**Data for processing**
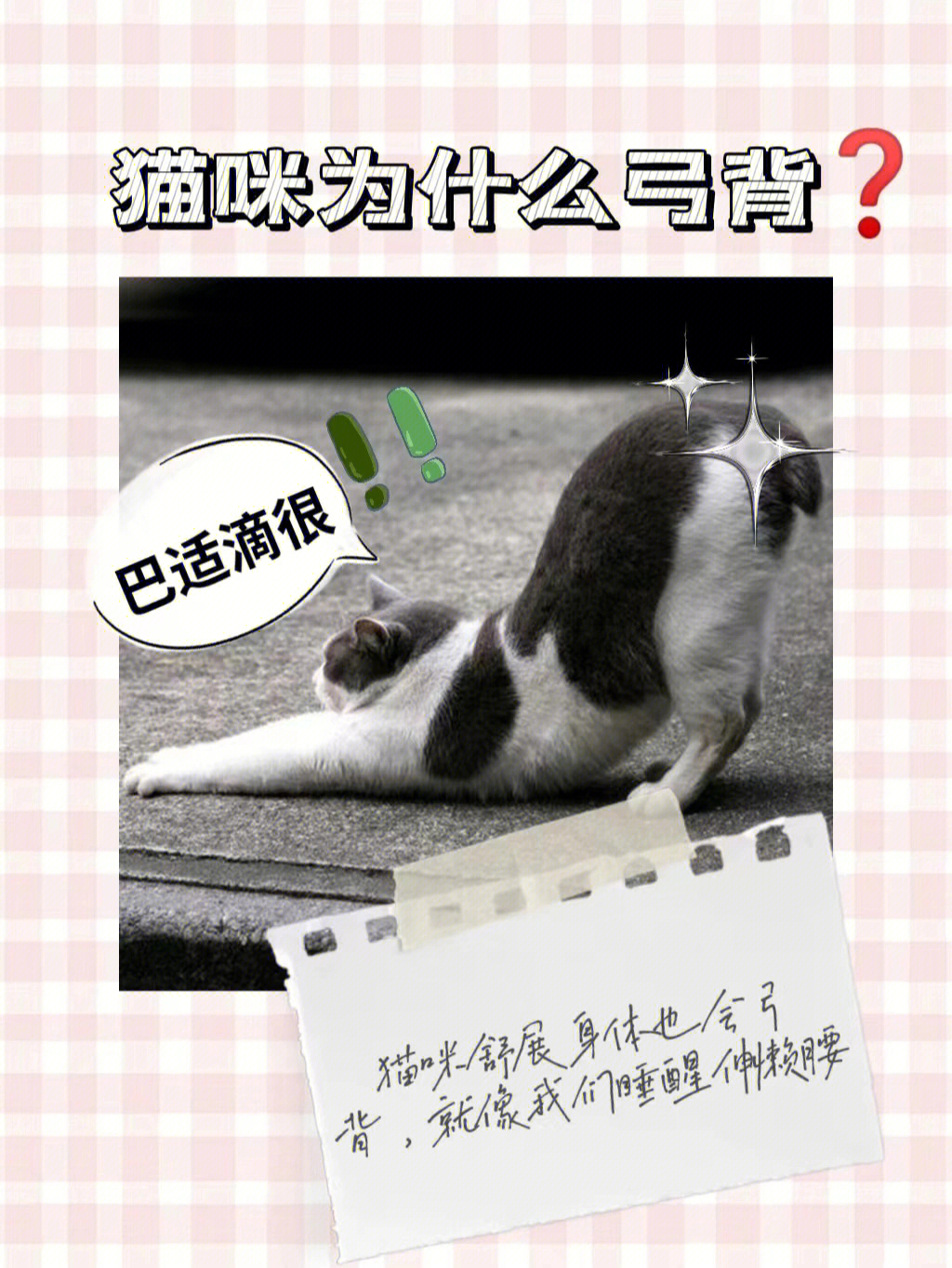 猫弓背卡通图片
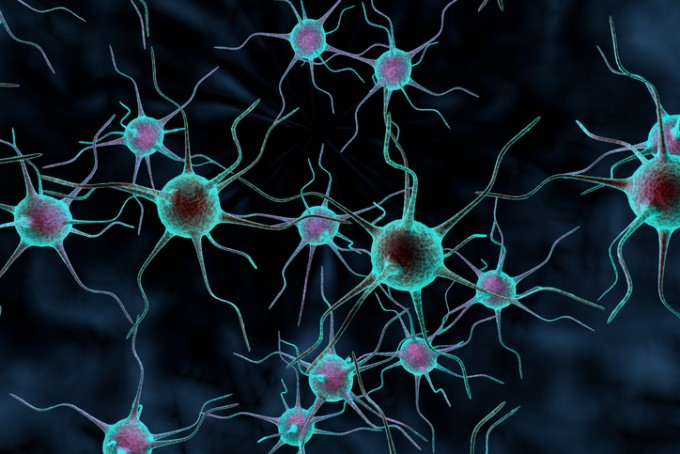 신경 세포 는 화학적 신호 를 전달 한다 한다. 게티 이미지 뱅크 제공.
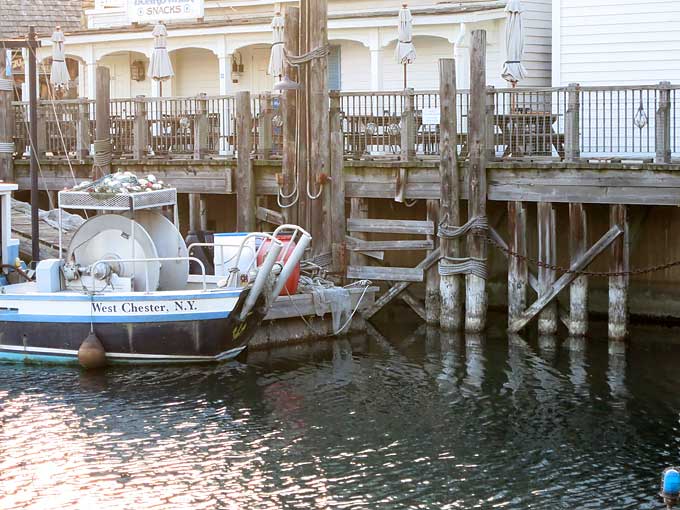 ラグーンエリア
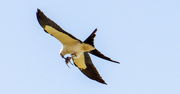 5th May 2021 - Swallowtail Kite With Lunch Or a Passenger!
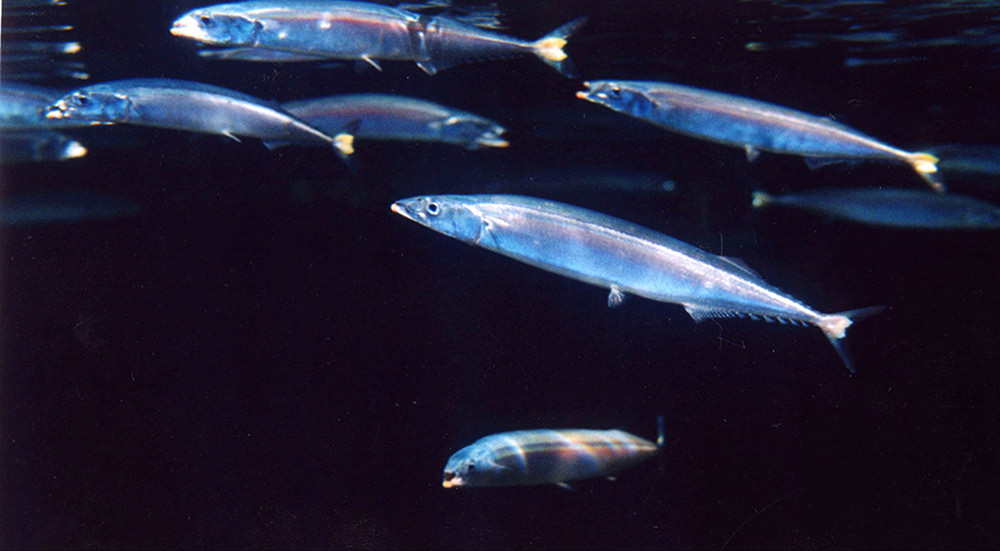 サンマの泳ぎ方 横から見るか 上から見るか 海のレシピ Project サンマの泳ぎ方 横から見るか 上から見るか 海のレシピ Project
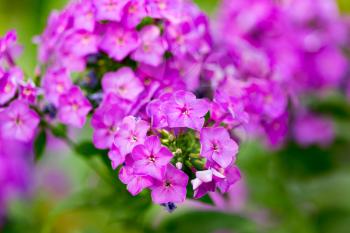 beautiful purple flower in nature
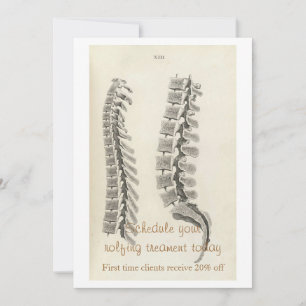 Dessin de vertèbres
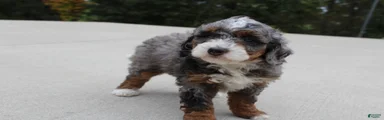 Skipper 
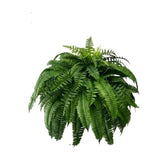 24in Artificial Boston Fake Ferns Large, UV Resistant Artificial Outdoor, Weatherproof Fake V1366-AZ2-W-14213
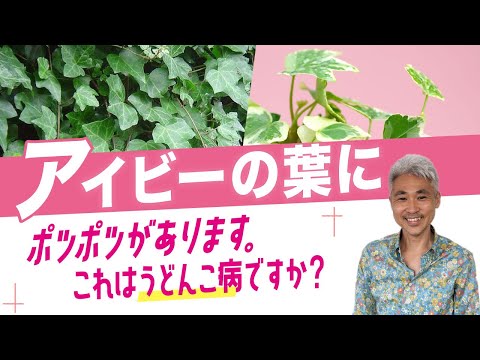 アイビーにはどのくらいの毒性があるのでしょうか? 植物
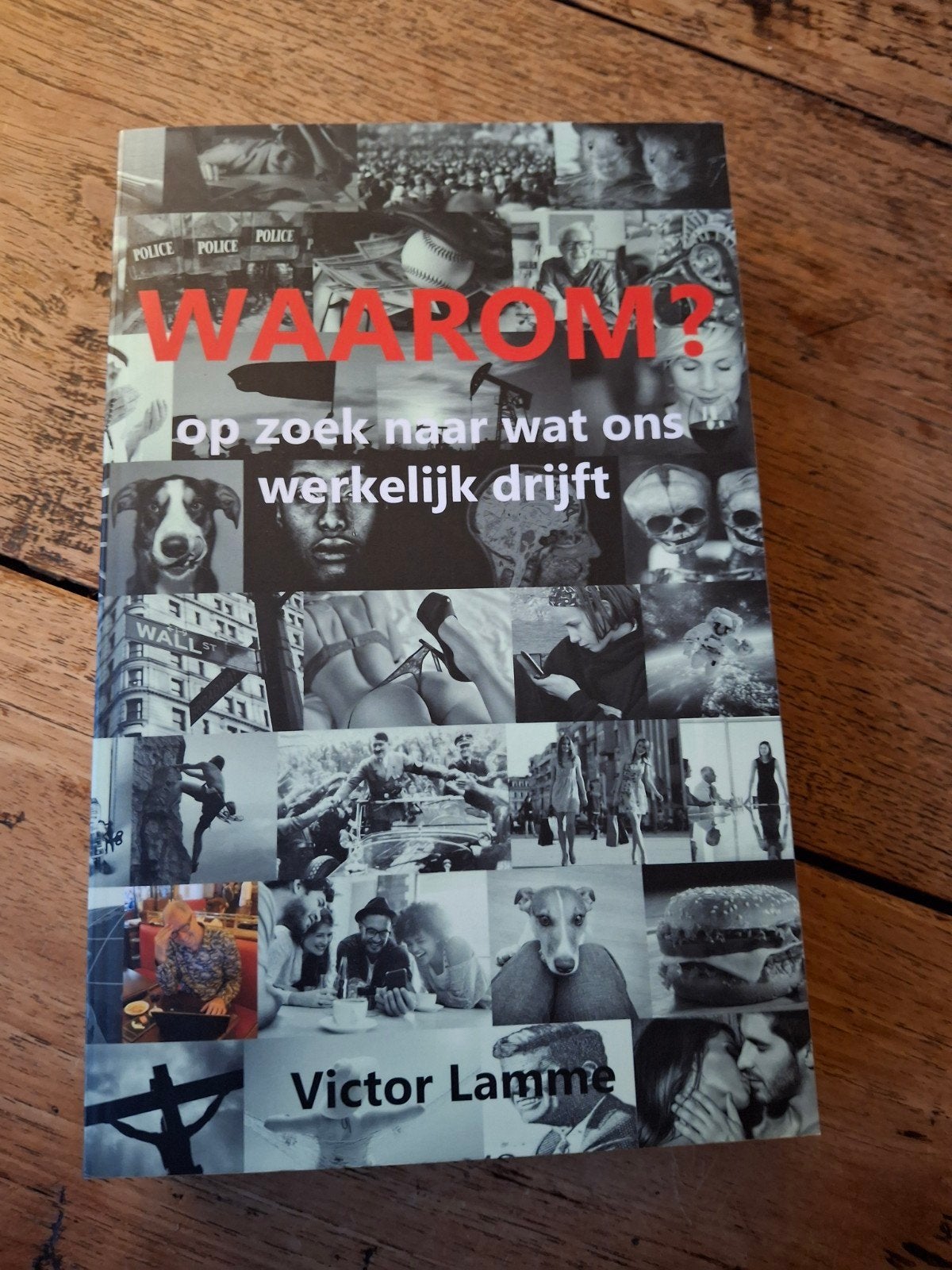 Victor Lamme - Waarom, Ophalen of Verzenden, Zo goed als nieuw, Victor Lamme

**Task details**
Output an exact copy of the lines from the one with "アイビーにはどのくらいの毒性があるのでしょうか? 植物" through the closing line of the records, inclusive, without any images.

**Expected answer**
 アイビーにはどのくらいの毒性があるのでしょうか? 植物
 Victor Lamme - Waarom, Ophalen of Verzenden, Zo goed als nieuw, Victor Lamme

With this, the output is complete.